(Reuters) - Mixed martial arts entertainment franchise Ultimate Fighting Championship (UFC) has agreed to be bought by Talent agency WME-IMG in a transaction a source valued at $4 billion, reflecting the growing popularity of a once-fringe spectator sport.
The acquisition, which has one of the largest ever price tags for a sports brand, is also backed by private, equity firms Silver Lake Partners LP [SILAK.UL] and KKR & Co LP KKR.N, as well as investment firms owned by billionaire Michael Dell and his family.
“We’re now committed to pursuing new opportunities for UFC and its talented athletes to ensure the sport’s continued growth and success on a global scale,” WME IMG Co-CEOs Ariel Emanuel and Patrick Whitesell said in a statement on Tuesday.
UFC, founded in 1993, popularized cage fighting and now holds more than 40 fights around the world every year. These events, which feature mixed martial arts and have surpassed pro wresting and boxing in popularity, are broadcast in more than 156 countries, reaching 1.1 billion households. Mixed martial arts has loose roots in a Brazilian form of fighting.
While UFC initially drew a niche following, it has now created global stars such as Conor McGregor, Anderson Silva, Georges St-Pierre and Ronda Rousey, a female fighter, who have mainstream followings and marketing deals.
The deal comes after the franchise last weekend hosted one of the biggest events in its history, UFC 200, a series of title fights, in Las Vegas.
The deal represents the biggest acquisition to date by WME-IMG, a talent agency formed in a 2013 merger of William Morris Endeavor Entertainment and IMG Worldwide. Last year, it acquired the Miss Universe organization from Donald Trump and rodeo-events company Professional Bull Riders.

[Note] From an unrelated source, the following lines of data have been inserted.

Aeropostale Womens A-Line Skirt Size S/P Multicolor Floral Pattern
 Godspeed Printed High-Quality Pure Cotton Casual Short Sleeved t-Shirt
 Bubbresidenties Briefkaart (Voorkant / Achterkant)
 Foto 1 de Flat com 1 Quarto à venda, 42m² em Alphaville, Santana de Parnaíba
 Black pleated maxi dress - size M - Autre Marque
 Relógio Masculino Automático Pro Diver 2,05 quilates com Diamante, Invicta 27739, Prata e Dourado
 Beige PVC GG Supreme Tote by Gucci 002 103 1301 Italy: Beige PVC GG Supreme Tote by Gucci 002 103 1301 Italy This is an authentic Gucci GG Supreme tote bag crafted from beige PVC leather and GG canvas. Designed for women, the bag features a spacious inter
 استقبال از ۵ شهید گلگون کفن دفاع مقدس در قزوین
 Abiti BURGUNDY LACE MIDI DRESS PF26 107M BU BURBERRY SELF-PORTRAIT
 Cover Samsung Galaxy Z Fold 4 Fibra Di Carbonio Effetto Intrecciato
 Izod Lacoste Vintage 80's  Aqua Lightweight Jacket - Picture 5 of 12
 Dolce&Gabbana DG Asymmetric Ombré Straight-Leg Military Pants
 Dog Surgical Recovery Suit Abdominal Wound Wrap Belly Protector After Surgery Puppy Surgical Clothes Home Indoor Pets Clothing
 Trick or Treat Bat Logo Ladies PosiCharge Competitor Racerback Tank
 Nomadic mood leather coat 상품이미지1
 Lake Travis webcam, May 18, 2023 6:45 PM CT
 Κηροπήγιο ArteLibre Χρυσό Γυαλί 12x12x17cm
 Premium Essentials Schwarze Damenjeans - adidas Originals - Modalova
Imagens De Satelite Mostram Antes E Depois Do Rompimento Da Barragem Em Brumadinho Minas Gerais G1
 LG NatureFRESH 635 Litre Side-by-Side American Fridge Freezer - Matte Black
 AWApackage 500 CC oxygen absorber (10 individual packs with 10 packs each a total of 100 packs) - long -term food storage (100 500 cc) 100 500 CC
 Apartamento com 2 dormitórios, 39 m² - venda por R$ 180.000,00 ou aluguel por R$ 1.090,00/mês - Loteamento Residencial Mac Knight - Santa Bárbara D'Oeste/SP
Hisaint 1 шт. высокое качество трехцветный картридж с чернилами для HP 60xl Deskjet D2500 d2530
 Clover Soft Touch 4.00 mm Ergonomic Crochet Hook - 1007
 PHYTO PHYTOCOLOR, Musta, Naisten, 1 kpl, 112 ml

UFC would be the latest live-events media brand with strong ties to Las Vegas to end up owned by private equity firms. Cirque du Soleil, the global circus and entertainment company, was sold to Texas-based TPG Capital LP last year in a deal valued at about $1.5 billion.
WME-IMG did not provide the terms of the deal in a statement, but a source confirmed the deal values the mixed martial arts franchise at around $4 billion. Previously, the largest sports deal was Liberty Media Corp’s purchase of the Atlanta Braves in 2007 for $2.4 billion, according to Thomson Reuters data.
UFC’s parent, Zuffa LLC [ZUFFA.UL], which gets its name from the Italian word for “fight,” was previously controlled by casino moguls Frank and Lorenzo Fertitta. The Fertitta brothers, who bought UFC for $2 million in 2001, will hold a passive minority stake in the company after the deal closes.
UFC’s chief executive and chairman, Lorenzo Fertitta, will no longer be involved in the company’s day-to-day operations. Dana White, UFC’s outspoken president, will remain in his post.
ESPN first reported in May that the franchise was for sale and had drawn interest from a number of parties including WME-IMG and Chinese firms China Media Capital and Dalian Wanda Group.
Barclays BARC.L, Credit Suisse CSGN.S and Deutsche Bank DBKGn.DE, Goldman Sachs GS.N and KKR Capital Markets advised the buyers and provided financing for the deal, while The Raine Group and JP Morgan Chase & Co JPM.N were financial advisers to the sellers of UFC.